Marlin 1895 Trapper Features and Specifications
- Length: 34.25 inches
- Weight: 7.1 pounds
- Barrel: Cold hammer forged, 16.1 inches, with threaded and capped muzzle
- Action: 1895 stainless steel
- Trigger: 3.75-pounds (as tested)
- Finish: Matte stainless steel
- Stock: Black, laminated hardwood
- Available Chamberings: .45/70 Government
One of the first things you’ll notice about the Trapper is it has a matte stainless-steel finish. This is ideal for hunting, and combined with the very dark laminated wood stock, it gives the rifle an air of seriousness. The butt stock and forend are also tastefully checked and there’s a thick butt pad that you’ll appreciate when you get behind this rifle on the bench. The barrel measures 16.1-inches long and the magazine tube extends nearly to the muzzle. It’s just short enough to permit the attachment of a suppressor or a muzzle brake to the 11/16×24-inch-pitch threaded barrel.
The Trapper is also equipped with a fully adjustable Skinner aperture rear sight, and a Skinner Bear Buster front sight. This is a great combination for a short-barreled thumper like the Trapper, but during our test, we felt there was a better option, especially since we wanted to mount a riflescope. We replaced the factory rear sight with a similar Skinner sight that is grooved to accept Talley scope rings. We also mounted Leupold’s excellent and extremely light and compact, FX-II Ultralight 2.5x20mm riflescope, and zeroed the rifle with mid-level .45/70 loads.
With mid-range loads like Federal’s HammerDown, the Trapper was jumpy, especially at the bench. At 100 yards, most of our groups were in the 1.75 to 3-inch range, but keep in mind we were shooting with a 2.5X optic. At 50 yards, most of the loads nearly stacked the bullets on top of each other. When shooting off-hand we found the lightest .45/70 loads very comfortable and the mid-range loads were much less aggressive. It’s not so much that this seven-pound rifle pounds your shoulder, it’s that it likes to buck. Muzzle jump is pronounced with heavy loads, and with some loads, you’ll see a beachball-sized fireball at the muzzle.

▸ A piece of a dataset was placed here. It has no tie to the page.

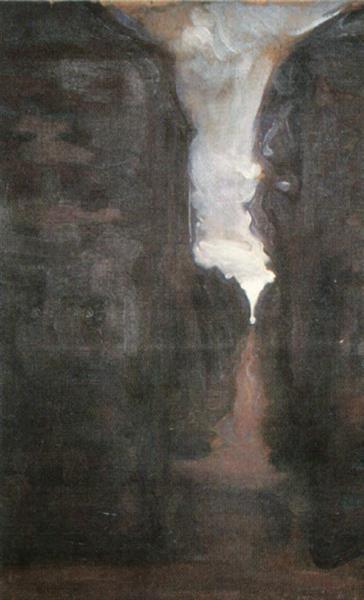 Dark Avenue, 1898 - Maria Yakunchikova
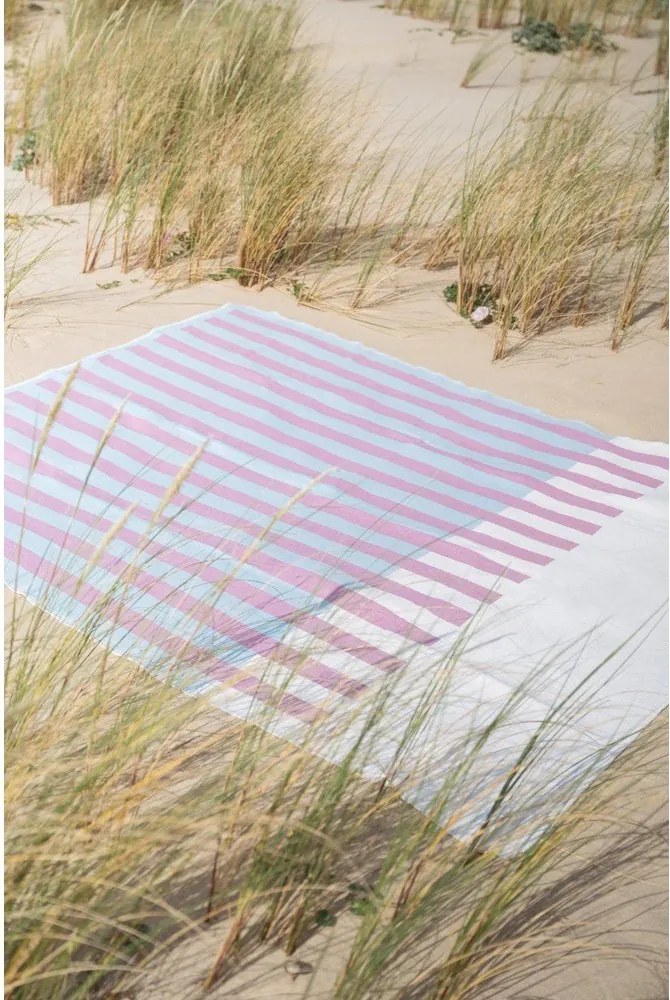 Różowy koc 160x200 cm Onu – noo.ma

Where this rifle really shined was in how it handled. In hand, it feels as nimble as a claw hammer—it’s fast to your shoulder and just as fast on target—but when you start pulling the trigger, the Trapper turns into a sledgehammer. By lever-action standards, the trigger is marvelous and breaks crisply at 3.75 pounds. The rifle performed exceptionally well on our practical hunting test, and all our test participants fawned over it like it was a jacked-up, tricked-out, four-wheel drive, with a big block under the hood.
One thing we found while shooting the trapper was that mid-level loads struck the target too low when we took off the scope and switched to iron sights. To sort this out, we reached out to Skinner Sights, and they sent us a shorter Bear Buster front sight. As an aside, it’s important to consider optics and sight configurations with a .45/70. Running a single zero for various power levels of ammo can be problematic; at 100 yards you can see more than a foot of difference in trajectory.
During our test, the Trapper received its highest marks in the quality of construction and balance categories. It got low marks under the shooting comfort category mostly due to recoil. Also, its marks were low in the versatility column because this is a big game and/or a bear/self-defense rifle, and nothing else. But of all the lever guns offered by Marlin since the turn of the century, this is my favorite. It’s also a hell of a lot of fun to shoot.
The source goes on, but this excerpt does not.